The 1987 Constitution puts a limit to the authority of the President: (1) Martial law shall not exceed 60 days; (2) Within 48 hours, the proclamation should be transmitted to Congress; (3) If not in session, Congress shall, within 24 hours following such proclamation or suspension, convene in accordance with its rules without any need of a call. (4) Congress, voting jointly, by a majority vote of all its Members in regular or special session, may revoke such proclamation or suspension; (5) The Supreme Court may review the proclamation in an appropriate proceedings filed by any citizen, and must promulgate its decision within 30 days from filing. (6) Upon the initiative of the President, Congress may extend such proclamation or suspension for a period to be determined by Congress, if the invasion or rebellion shall persist and public safety requires it.
Another limitation is that it does not suspend the operation of the Constitution, nor supplant the functioning of the civil courts or legislative assemblies, nor authorize the conferment of jurisdiction on military courts and agencies over civilians where civil courts are able to function, nor automatically suspend the privilege of the writ which shall apply only to persons judicially charged for rebellion or offenses inherent in or directly connected with the invasion. During the suspension of the privilege of the writ, any person thus arrested or detained shall be judicially charged within three days, otherwise he shall be released.
Is Martial Law really the Answer? Many agrees and justifies the declaration of martial law in Mindanao; others disagree, fearing for another Marcos Martial Law. As citizens of this country, we are not privy to intelligence reports and classified information. Only the Office of the President and the Armed Forces of the Philippines have accessed to such data. We may not see what they see; we may not know what they know. I therefore submit to the Statement of the Mindanao Bishops led by His Eminence Orlando Cardinal Quevedo, O.M.I., Archbishop of Cotabato. Next to the President and the military, the Mindanao Bishops are literally on the forefront and know what it is happening in the grounds. Our Mindanao Bishops said: “The answers to many questions are speculative. We have many fears. But at present we simply do not have solid and sufficient facts to absolutely reject the declaration of Martial Law as morally reprehensible. But we (are) certainly agreed that Martial Law must be temporary.”

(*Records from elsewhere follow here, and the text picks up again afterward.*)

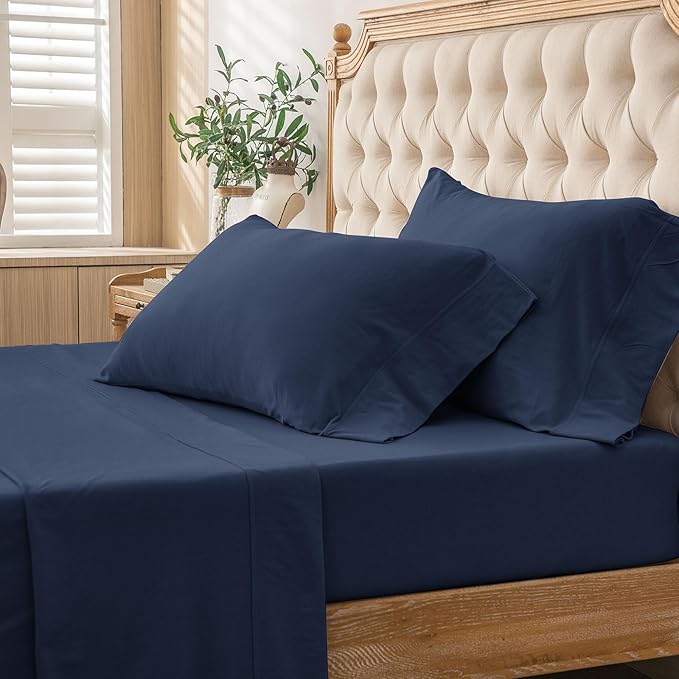 PURE ERA Jersey Knit 4pc Bed Sheet Set 100% T-Shirt Cotton Super Soft Comfy Breathable Fits Mattress Up to 20" Extra Deep Pocket (Solid Navy Blue, Queen)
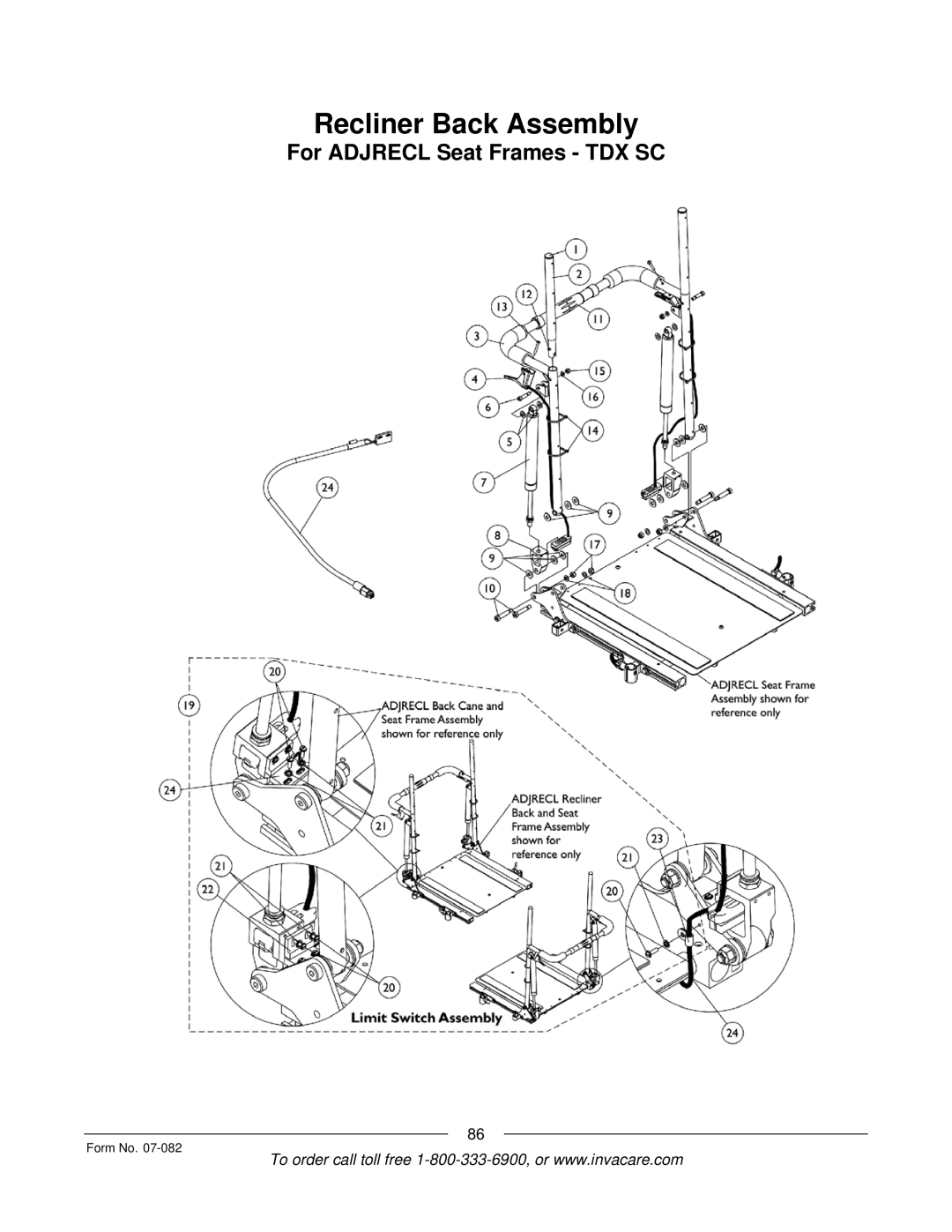 Invacare TDX SC manual Recliner Back Assembly 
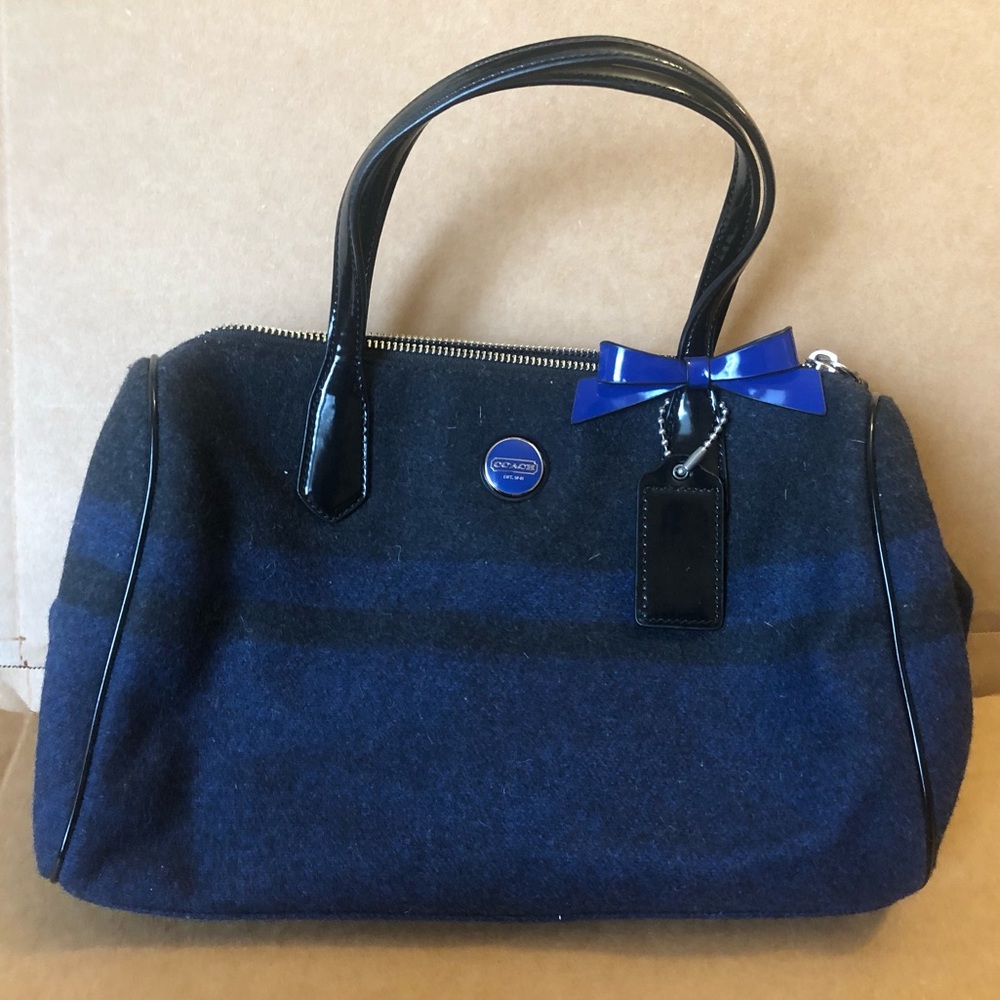 Coach Fabric Handbag Blue with Black Leather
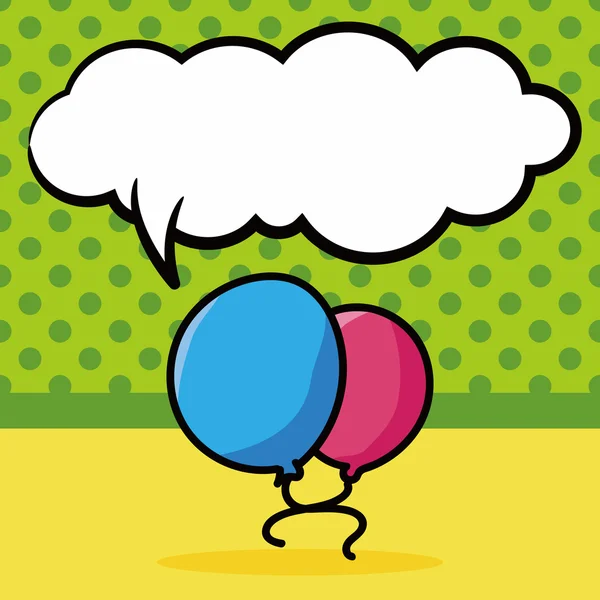 Ballon Farbe Doodle, Sprachblase Vektor Illustration — Stockvektor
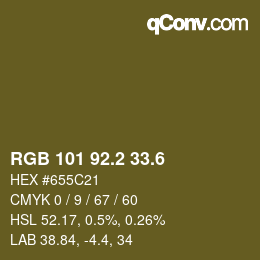 カラーコード: RGB 101 92.2 33.6 | qconv.com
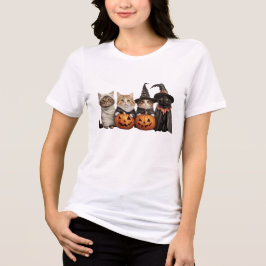 Süßes Halloween-Katzen-T-Shirt 🎃 Tri-Blend Shirt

Let us therefore be calm but let us not be complacent. Let us be ready to condemn abuses but let us respect the authorities. Let us pray that the government will be able to suppress terrorism and rebellion so that Martial Law may be lifted the soonest time possible, for the good of everyone. Let us be vigilant but let us not forget to pray for peace not only in Marawi City and Mindanao but also in the whole Philippines. Our Mindanao Bishops urge us: “Together let us pursue what leads to peace. Let us pray for peace and work for peace.”